PARIS (Reuters) -French utility company Veolia confirmed it would sell Suez's UK waste business to Australia's Macquarie Group Ltd for around 2.4 billion euros ($2.4 billion), a deal aimed at resolving antitrust concerns.
Earlier, Veolia said that it was proposing to sell off its former rival, Suez's UK waste business, after Britain's Competition and Markets Authority (CMA) raised objections to the Veolia/Suez combination.
Veolia's shares rose around 3% in early trading, top performer on Paris' SBF-120 equity index. They pared gains but were still up 2.5% in the afternoon.
"Following this transaction, Veolia will remain a major player in the waste sector in the United Kingdom and, more broadly, in the environmental services market in the region, which remains strategic for the group," said Veolia chief executive Estelle Brachlianoff.

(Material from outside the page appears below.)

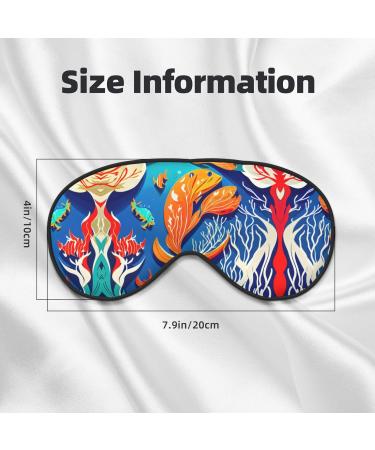 Colorful Tropical Sea Fish Soft Sleep Eye Mask | Breathable Eye Patch for Women | Perfect for Travel & Relaxation - Buy Online on SooperMarket.com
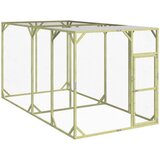vidaXL Kokošinjac 200x400x200 cm od impregnirane masivne borovine | shoptok.hr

During a conference call, Brachlianoff said she was "very confident" over obtaining all the regulatory approvals regarding the deal, adding it should be finalised by the end of the year.
She also said a small asset sale in the industrial water business was still needed in Britain.
"After the disposal of the remedies agreed with the European Commission and the signature of the agreement with Macquarie Asset Management, almost all of the antitrust divestitures will have been finalised less than a year after the acquisition of Suez," the company added.
The disposals, amounting to a total of 3.4 billion euros, would also result in a major reduction in Veolia's debt leverage.
Suez said in a statement the Veolia-Macquarie deal was conditional to its right of first refusal.
"Suez confirms its interest in buying back its old UK assets and will study the conditions of the agreement with Macquarie. After that, Suez well decide whether or not to exert its right of first refusal," it said.
It added that following notification by Veolia, Suez will have 30 working days to acquire the assets under the same terms and conditions as Macquarie.
In December last year, Veolia and Suez won EU antitrust approval for their 13 billion euro tie-up, after a months-long dispute including legal action and a move by Suez to ring-fence its French water business from Veolia, though that was later abandoned after the companies reached an agreement.
The deal was later closed on Jan. 7, with Veolia controlling 86% of Suez.